# White Lotus Kenpo/Kajukenpo Pai Lum self defense videos on Youtube!



## KENPOJOE (Mar 23, 2009)

Hi Folks!
Recently, I placed the first 2 of a series of videos on Bok Leen Pai/Bai ling Pai [White Lotus Family]Kenpo system of Daniel Pai. These techniques were taught to me through GM Bill Gregory of the Kajukenpo Pailum lineage as well as his students and other sources. I wanted to place these videos to show yet another kenpo system and to address certain aspects regarding the art and its techniques.
Simply go to youtube and punch in "kenpojoe1" for my channel of any of the above mentioned arts.
BEGOOD,
KENPOJOE


----------



## youngboot (Jul 10, 2009)

wow thanks Kenpojoe I myself study Kajukenpo.

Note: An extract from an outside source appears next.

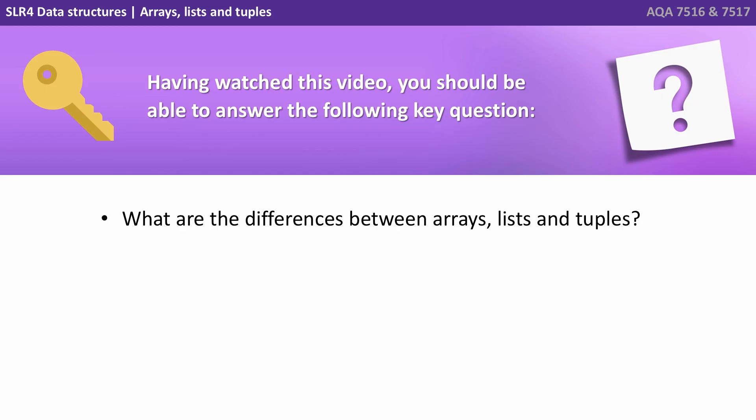Having watched this video, you should be able to answer the following key question. What are the differences between arrays, lists and tuples?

Not alot of info out there about the style. I hope  one day to share Kajukenpo to the world. Thanks for the videos.


----------



## Milt G. (Jul 12, 2009)

Hello, Mr. Rebelo.
Looking forward to seeing this.  Thanks for the "heads up".
Nice to meet you at the GOE/HOF event in Chicago last month.
Please keep up the great work!
Milt G.


----------



## Kirk (Jul 12, 2009)

Thanks Mr. Rebelo....I've always enjoyed all of your videos


----------